- Exercise objective
Below are records with pictures; copy word for word only the lines between the line with "Now the engine" and the line with "Just as important", inclusive, and drop the pictures.

- Supplied data

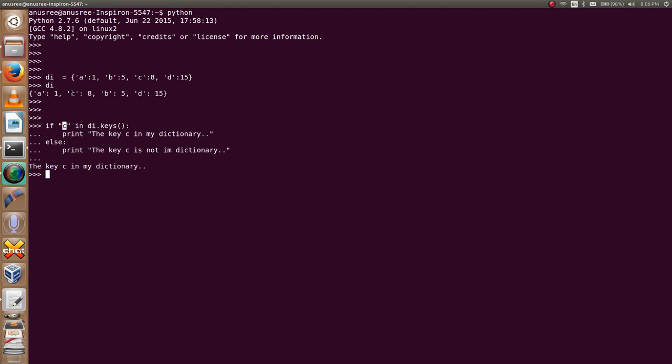Hope you guys understand how to check if a given key already exists in a dictionary using an if statement. If you get this, please subscribe to my channel for more Python tutorials. Thank you.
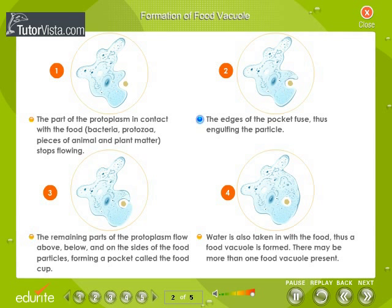The edges of the pocket fuse, thus engulfing the particle. Water is also taken in with the food, and thus a food vacuole is formed. There may be more than one food vacuole present in an amoeba.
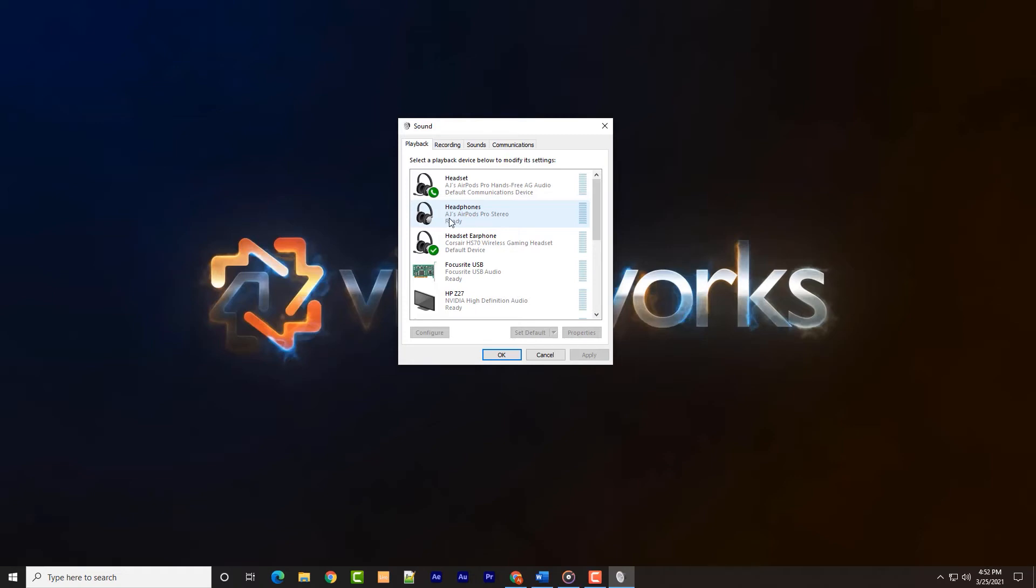We have tested with a few other brands, even an off-brand like Skullcandy. These all had the option device name, hands-free AG, and stereo as well.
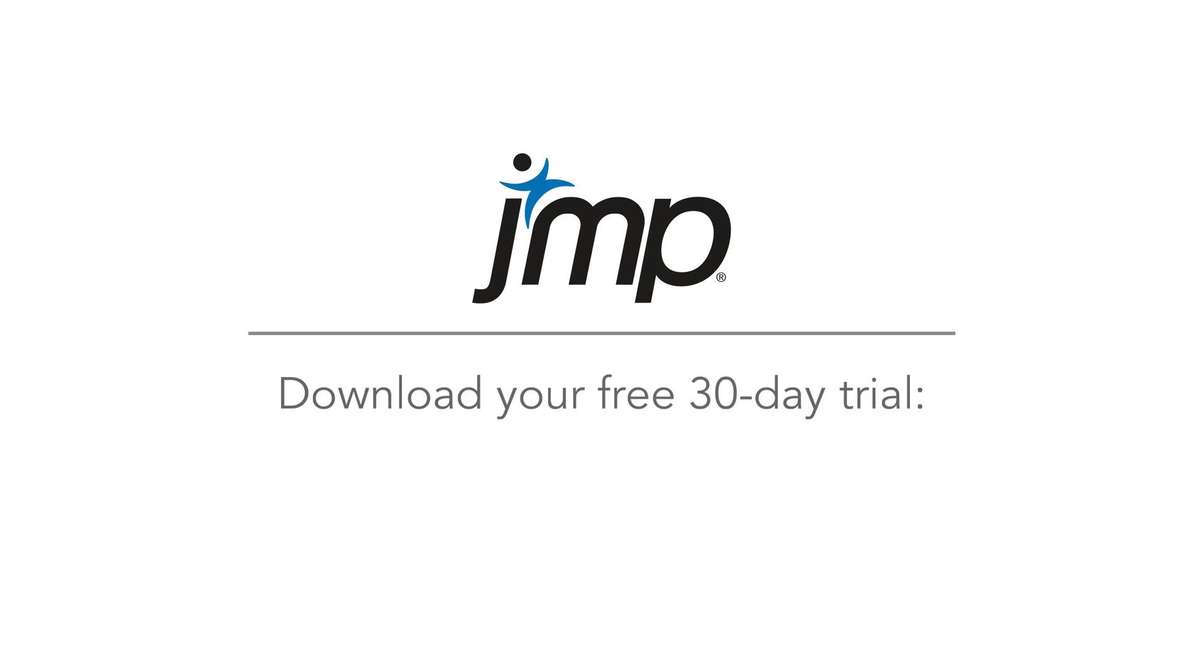Experience JMP for yourself, free for 30 days. Just visit JMP.com/try.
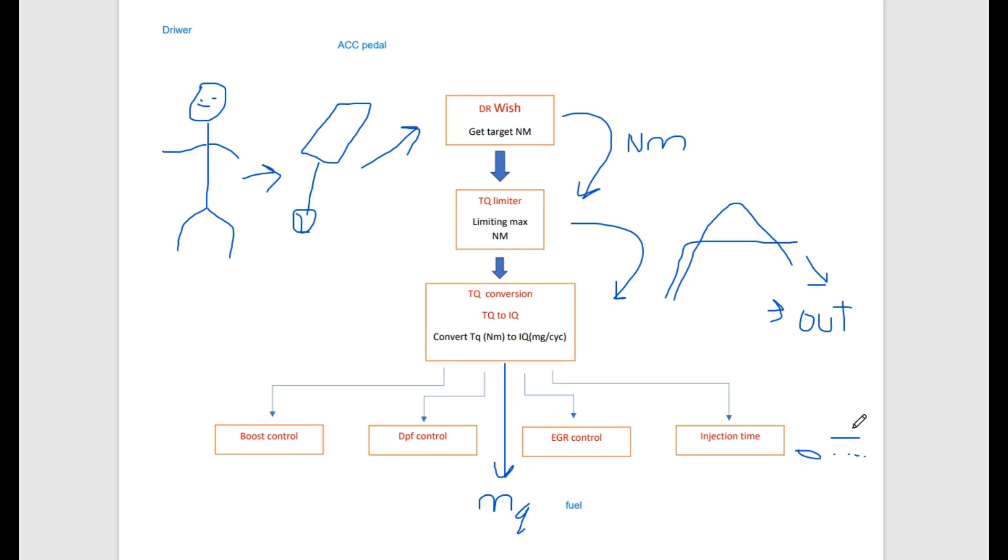Now the engine control unit can make all other calculations, because in 80% of cases, fuel injection milligrams per cycle is one of the axes on maps, which we're going to change for tuning.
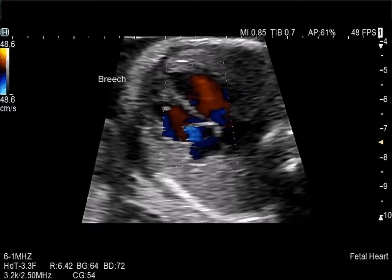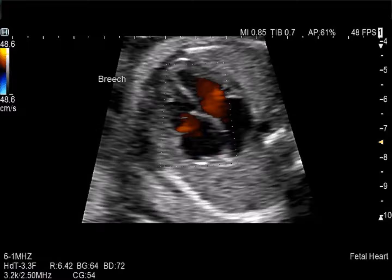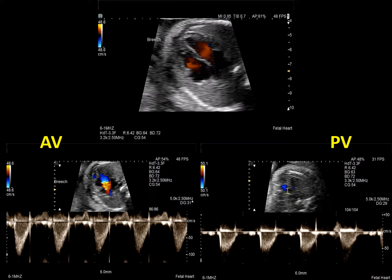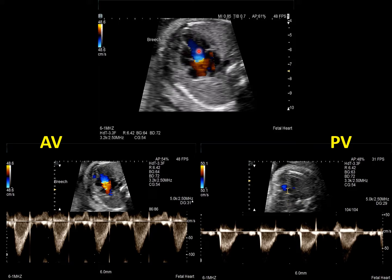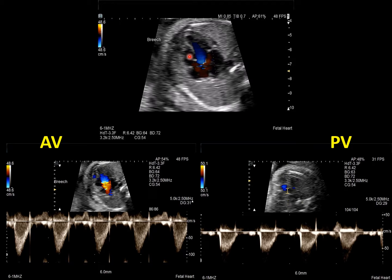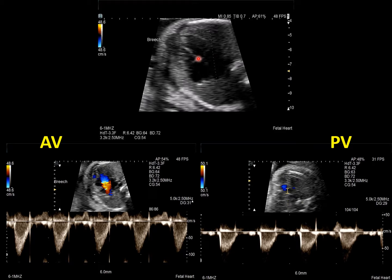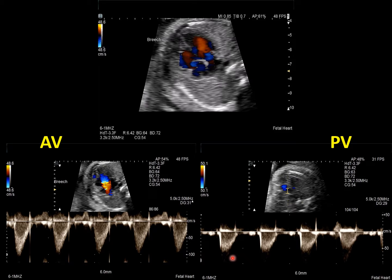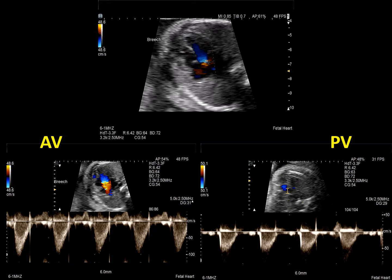Just as important as alignment for the AV valve inflows is alignment for the semilunar valve outflow tracts. The LV outflow tract should be lined up as parallel as possible with the plane of insonation. The RV outflow tract runs perpendicular, so you would need to translate around to the front of the fetus to get the pulmonary outflow more parallel with the plane of insonation for a better and more accurate tracing. A lot of movement is needed on the sonographer's behalf to line these things up, especially with a very active fetus.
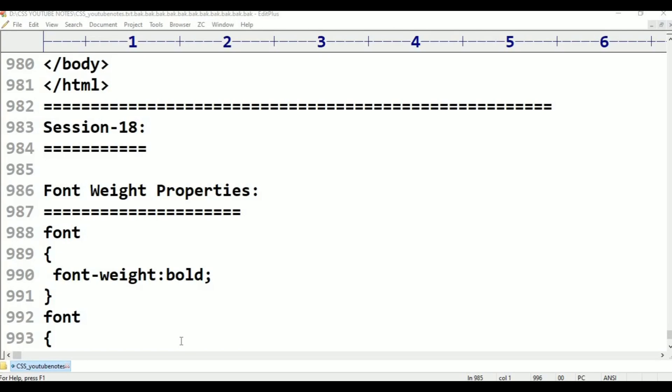Hi viewers, welcome to Telugu's Kit Tutorials. This is session 18 on font tag properties. In this class, we will cover font color, font size in pixels, pixels and points, and em units.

- Task output
Now the engine control unit can make all other calculations, because in 80% of cases, fuel injection milligrams per cycle is one of the axes on maps, which we're going to change for tuning.
Just as important as alignment for the AV valve inflows is alignment for the semilunar valve outflow tracts. The LV outflow tract should be lined up as parallel as possible with the plane of insonation. The RV outflow tract runs perpendicular, so you would need to translate around to the front of the fetus to get the pulmonary outflow more parallel with the plane of insonation for a better and more accurate tracing. A lot of movement is needed on the sonographer's behalf to line these things up, especially with a very active fetus.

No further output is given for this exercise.